According to a recent research published by the UK recruitment site Salestarget.co.uk, money is the main motivator among sales personnel, with over a third (37%) of sales representatives choosing money as their main motivator in their work. In addition, over half of the participants said that receiving performance-based incentives improved their quality of life, with men more likely to be motivated by financial incentives than women.
However, are extrinsic incentives in general, and cash incentives in particular, are the best method to create a healthy working environment?
When the work is based on extrinsic motivators, they become the goal, the reliance on them grows and evolves into a dependency and the link between the employee and the core of his work is weakened. He is no longer driven by intrinsic motivators or organizational goals but almost exclusively by the extrinsic motivators, as a sales performance metrics. This process also affects the working environment and the personal relationships between the employees.

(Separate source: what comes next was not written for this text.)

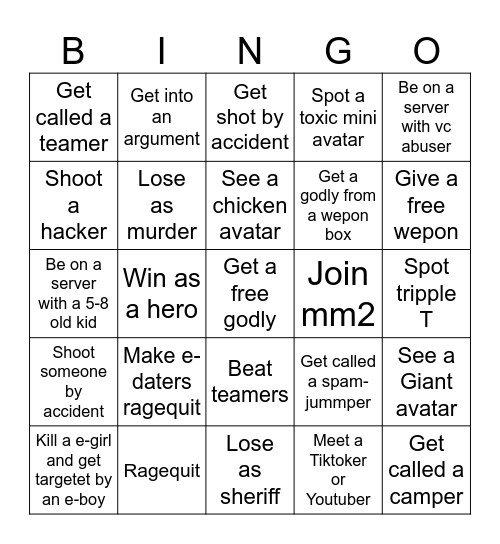 MM2 Bingo Card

Are cash incentives really what matters to employees? Is money their ultimate goal? Many studies that rank the leading motivators among employees show that money isn’t topping the charts. In fact, it’s not even in the top five motivators but in the bottom half of the top ten (places 7-9). After all, a cash incentive is a “means incentive” and not an “end incentive”. The goal is not to get the money, but rather the things that the money can get you once you obtain it. Thus, nearly a quarter of the participants in the Salestarget.co.uk research replied that they choose to spend their earned bonuses on holidays.
Therefore, while there is no need to lessen the importance and role of incentives as a motivator, particularly cash incentives, we must examine other methods that will increase the intrinsic motivators and will help form a stronger link between the employee, the workplace and the work itself. This can be achieved not by guessing what the employee wants, but by finding out what he needs.